REPUBLICANS AND THEIR SLOGANS….Atrios wonders if I was being coy when I asked pro-war hawks to explain what they mean when they say we need to do “whatever it takes” to win in Iraq. Answer: sort of. Mostly, though, I was trying to make the point that although Democrats get routinely skewered for “not having a plan,” neither do Republicans. But nobody ever calls them on it.
Take Fred Hiatt’s apparent attempt to mimic the slashing prose style of the late lamented Ben Domenech in the Washington Post today.

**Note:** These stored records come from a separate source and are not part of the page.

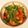 mioy's cooksnap of when they made カレー風味の肉じゃが。.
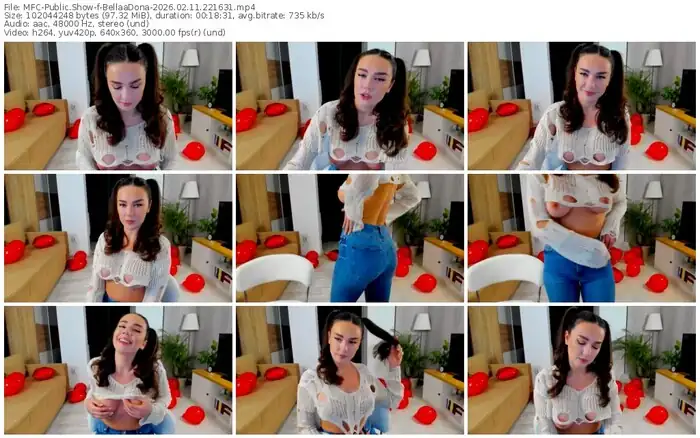 myfreecams-bellaadona-02-11-2026-22-16-31
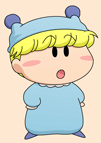3月20日ってそうだったっけか?
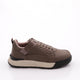 Wickers 0643085M Erkek Spor Ayakkabı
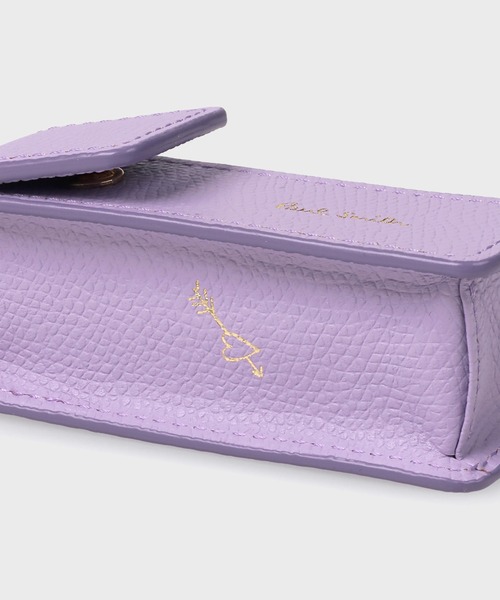 Paul Smith（ポール・スミス） チャーム マルチチャーム リップ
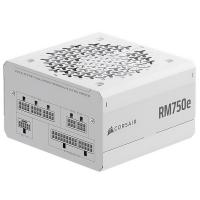 Power-Supply-PSU-Corsair-750W-RM750e-Cybenetics-Gold-Fully-Modular-ATX-3-1-Power-Supply-White-CP-9020292-AU-2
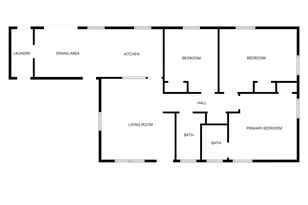 605 Valle Vista Dr, Athens, TX 75751 - Photo 9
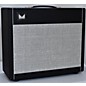 Used Morgan Amplification SW22 Tube Guitar Combo Amp thumbnail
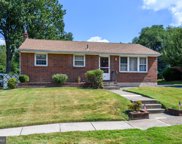 19 Maloney Ct, Bellmawr image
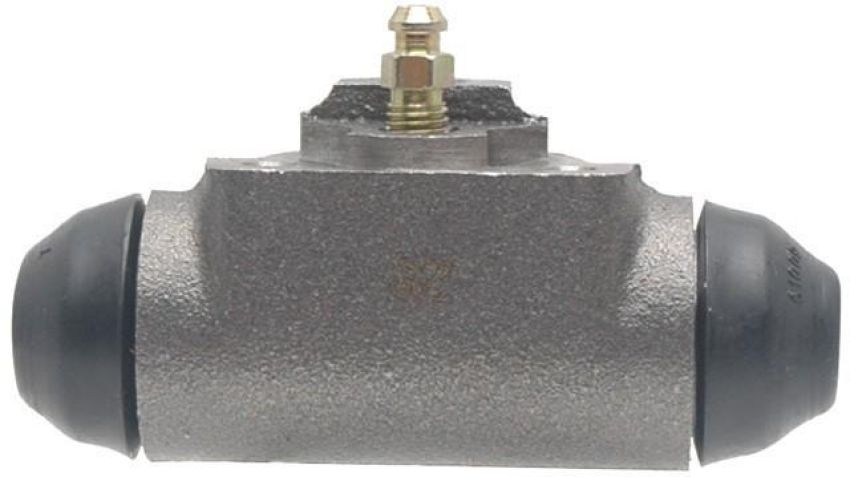 Raybestos WC370191 Raybestos Element3 Wheel Cylinder
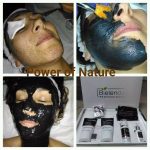 TERESA MIRANDA ESTETICISTA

Writing about “Real Security,” the recently released Democratic national security plan, he starts out like this:
You can look at the Democrats’ national security plan, released last week, as simply a political shield, akin to the upgraded body armor they promise for U.S. troops.
….”Real Security”….is an amulet for 2006 candidates: You see? We have a plan. We Democrats will buy more weaponry than the Bush administration, sign up more troops, give more to veterans, inspect more shipping containers.
I guess that’s what passes for cute these days, and it takes three paragraphs of this snide drollery before Hiatt confesses that there is another way to look at the document, namely as a serious policy statement. But he’s no happier with that perspective:
President Bush believes that the United States “is in the early years of a long struggle”….the United States must first and foremost offer better values, promoting democracy and opposing tyranny. It must be ready to take the fight to the enemy….must seek to ease the poverty that breeds hopelessness.
This is a mug’s game. Hiatt is unhappy that the Democratic plan actually focuses on achievable goals instead of slogans like these, despite the fact that he all but admits that these slogans are pretty empty in Republican hands. But if it were the other way around, he’d complain that the plan lacked details to back up its fancy words.
But why give Republicans a free pass? Where’s their plan? What I’ve seen is a National Security Strategy that’s full of windy phrases that plainly don’t match the administration’s actual intentions, and a Quadrennial Defense Review that pretends to be concerned with terrorism but devotes virtually all of its real resources to the same old platforms designed to fight the same old Cold War enemies. Why is that considered “serious”?
It’s time to end the double standard. President Bush gives stirring speeches, but his actions indicate rather plainly that his administration isn’t really driven by concern for democracy, global poverty, nuclear nonproliferation, port security, foreign oil dependence, or public diplomacy. As for Iraq, it’s obvious he doesn’t have a clue what to do.
So aside from slogans, what’s the Republican plan? Guys like Hiatt ought to be asking.